Memelihara tanah, termasuk menambah kesuburannya serta mencegah kerusakannya adalah kewajiban tiap-tiap orang, badan hukum atau instansi yang mempunyai hubungan hukum dengan tanah itu, dengan memperhatikan pihak yang ekonomis lemah.

Pasal 35-40: Hak Guna Bangunan
Hak Guna Bangunan hak untuk mendirikan dan mempunyai bangunan-bangunan di atas tanah yang bukan miliknya sendiri dengan jangka waktu sampai 30 tahun dan dapat diperpanjang sampai 20 tahun.
Seperti Hak Guna Usaha, Hak Guna Bangunan dapat dialihan kepada pihak lain, dan hanya WNI atau badan hukum Indonesia berhak memiliki Hak Guna Bangunan, serta dapat dijadikan jaminan Hutang.
Pasal 41-43: Hak Pakai
Hak Pakai adalah hak untuk menggunakan dan/atau memungut hasil dari tanah yang dikuasai langsung oleh negara atau tanah milik orang lain yang memberi wewenang dan kewajiban yang ditentukan oleh pejabat yang berwenang memberikannya atau dengan perjanjiannya dengan pemilik tanahnya. Hak ini bukan hak sewa-menyewa atau perjanjian pengolehan tanah.
Yang boleh memiliki Hak Pakai adalah WNI orang asing yang berkedudukan di Indonesia, badan hukum yang didirikan menurut hukum Indonesia, badan hukum asing yang mempunyai perwakilan di Indonesia.
Pasal 44-45: Hak Sewa untuk Bangunan
Seseorang atau badan hukum mempunyai hak sewa atas tanah apabila ia berhak mempergunakan tanah milik orang lain untuk keperluan bangunan, dengan membayar kepada pemiliknya sejumlah uang sebagai sewa. Perjanjian sewa yang dimaksudkan tidak boleh disertai syarat yang mengandung syarat-syarat memeraskan.
Yang boleh memiliki Hak Sewa adalah WNI orang asing yang berkedudukan di Indonesia, badan hukum yang didirikan menurut hukum Indonesia, badan hukum asing yang mempunyai perwakilan di Indonesia.
Pasal 46: Hak Membuka Tanah, Memungut Hasil Hutan
Hak Membuka Tanah dan Memungut Hasil Hutan hanya dapat dipunyai oleh WNI dan diatur oleh peraturan pemerintah.
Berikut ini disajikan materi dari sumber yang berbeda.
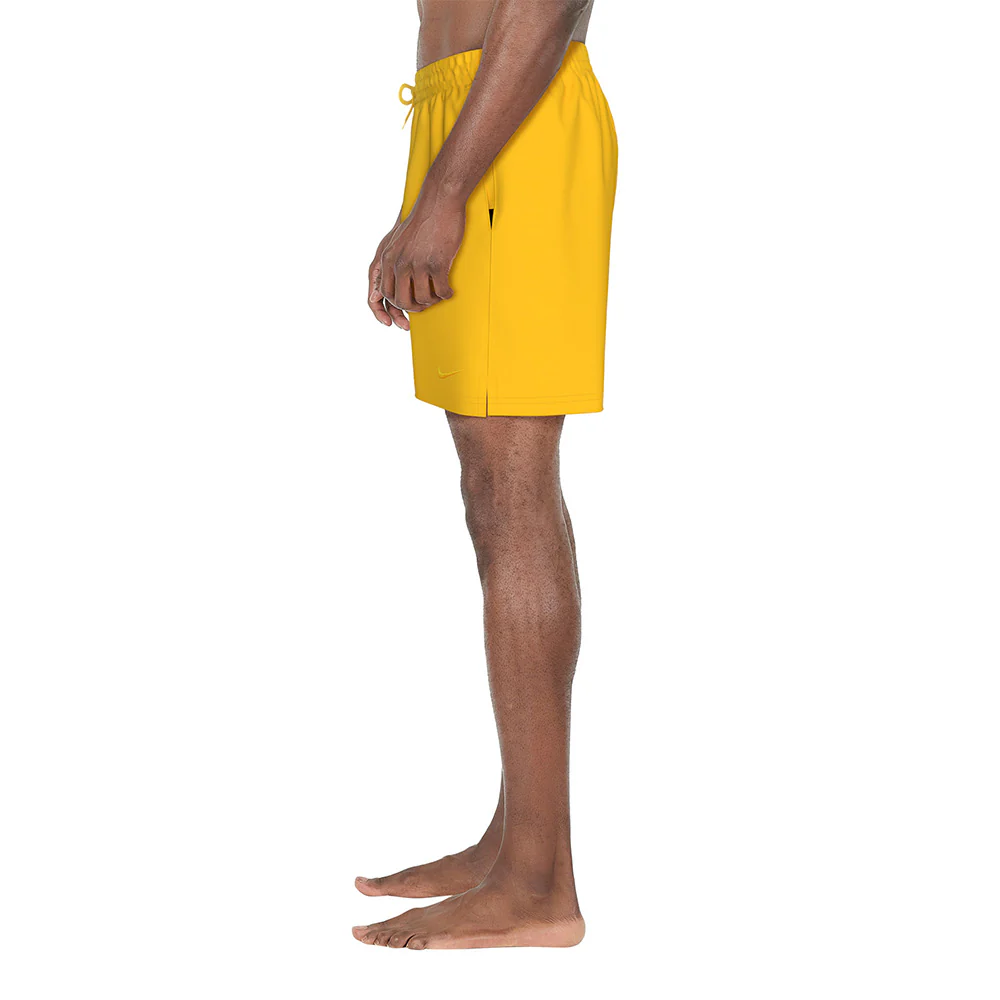 Мужские шорты Nike 7" Volley Swim — цвет желтый, размер L (американский размер)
Penggunaan Hak Memungut Hasil Hutan secara sah tidak berarti diperoleh hak milik atas tanah itu.
Pasal 47: Hak Guna-air, Pemeliharaan & Penangkapan Ikan
Hak guna-air adalah hak memperoleh air untuk keperluan tertentu dan/atau mengalir air itu di atas tanah orang lain. Hak guna air serta pemeliharaan & penangkapan ikan diatur dengan peraturan pemerintah.
Pasal 48: Hak Guna Ruang Angkasa
Hak Guna Ruang Angkasa memberi wewenang untuk mempergunakan tenaga dan unsur-unsur dari ruang angkasa guna usaha-usaha memelihara dan memperkembangkan kesuburan bumi, air serta kekayaan alam yang terkandung di dalamnya. Hak Guna Ruang Angkasa diatur dengan peraturan pemerintah.
Pasal 49: Hak-hak tanah untuk Keperluan Suci dan Sosial
Hak milik tanah badan-badan keagamaan dan sosial sepanjang dipergunakan untuk usaha dalam bidang keagamaan dan sosial diakui dan dilindungi. Badan-badan tersebut dijamin pula akan memperoleh tanah yang cukup untuk bangunan dan usahanya dalam bidang keagamaan dan sosial.